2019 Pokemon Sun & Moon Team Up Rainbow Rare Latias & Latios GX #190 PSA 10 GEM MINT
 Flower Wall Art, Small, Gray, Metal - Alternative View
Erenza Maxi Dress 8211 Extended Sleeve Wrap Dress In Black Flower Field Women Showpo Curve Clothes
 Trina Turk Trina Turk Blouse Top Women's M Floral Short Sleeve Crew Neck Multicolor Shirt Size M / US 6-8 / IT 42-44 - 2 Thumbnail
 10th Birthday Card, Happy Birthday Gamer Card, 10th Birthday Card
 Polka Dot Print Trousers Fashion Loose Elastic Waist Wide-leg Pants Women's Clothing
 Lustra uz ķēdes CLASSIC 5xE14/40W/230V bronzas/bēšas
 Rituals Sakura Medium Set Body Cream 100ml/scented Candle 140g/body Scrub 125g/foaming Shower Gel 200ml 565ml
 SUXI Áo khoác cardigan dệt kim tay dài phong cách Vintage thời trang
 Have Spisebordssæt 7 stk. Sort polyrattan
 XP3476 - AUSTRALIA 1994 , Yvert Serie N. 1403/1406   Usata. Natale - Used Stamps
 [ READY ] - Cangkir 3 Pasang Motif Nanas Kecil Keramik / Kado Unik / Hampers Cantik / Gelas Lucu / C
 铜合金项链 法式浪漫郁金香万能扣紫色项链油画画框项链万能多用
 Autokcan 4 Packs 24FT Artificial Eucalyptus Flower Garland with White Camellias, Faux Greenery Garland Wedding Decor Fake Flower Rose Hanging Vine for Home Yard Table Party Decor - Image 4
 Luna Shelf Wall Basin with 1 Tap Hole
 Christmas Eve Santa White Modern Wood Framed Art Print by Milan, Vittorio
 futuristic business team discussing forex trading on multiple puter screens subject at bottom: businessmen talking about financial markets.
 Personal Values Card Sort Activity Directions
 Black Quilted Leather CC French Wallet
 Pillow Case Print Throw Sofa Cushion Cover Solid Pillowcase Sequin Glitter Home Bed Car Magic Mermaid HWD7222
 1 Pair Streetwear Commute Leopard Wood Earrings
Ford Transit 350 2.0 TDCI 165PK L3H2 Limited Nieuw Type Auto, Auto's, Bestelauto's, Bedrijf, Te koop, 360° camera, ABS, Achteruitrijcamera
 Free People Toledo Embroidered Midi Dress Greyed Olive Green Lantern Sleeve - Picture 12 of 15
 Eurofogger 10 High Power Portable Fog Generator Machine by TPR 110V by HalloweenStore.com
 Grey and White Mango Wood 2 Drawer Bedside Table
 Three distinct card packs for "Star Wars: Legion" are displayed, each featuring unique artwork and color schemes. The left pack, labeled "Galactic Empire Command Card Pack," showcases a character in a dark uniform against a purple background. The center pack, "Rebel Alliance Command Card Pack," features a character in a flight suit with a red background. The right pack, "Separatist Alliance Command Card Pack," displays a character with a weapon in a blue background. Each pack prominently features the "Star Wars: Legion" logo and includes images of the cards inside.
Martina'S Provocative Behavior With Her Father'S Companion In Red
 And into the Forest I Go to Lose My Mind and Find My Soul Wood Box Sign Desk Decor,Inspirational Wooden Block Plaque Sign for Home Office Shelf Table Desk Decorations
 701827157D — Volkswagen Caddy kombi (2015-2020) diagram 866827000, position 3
○ ○ ○ ○ ○
» Problem to work on: Of the records above, copy each line that includes "Dress".

» Output for this task:
Erenza Maxi Dress 8211 Extended Sleeve Wrap Dress In Black Flower Field Women Showpo Curve Clothes
 Free People Toledo Embroidered Midi Dress Greyed Olive Green Lantern Sleeve - Picture 12 of 15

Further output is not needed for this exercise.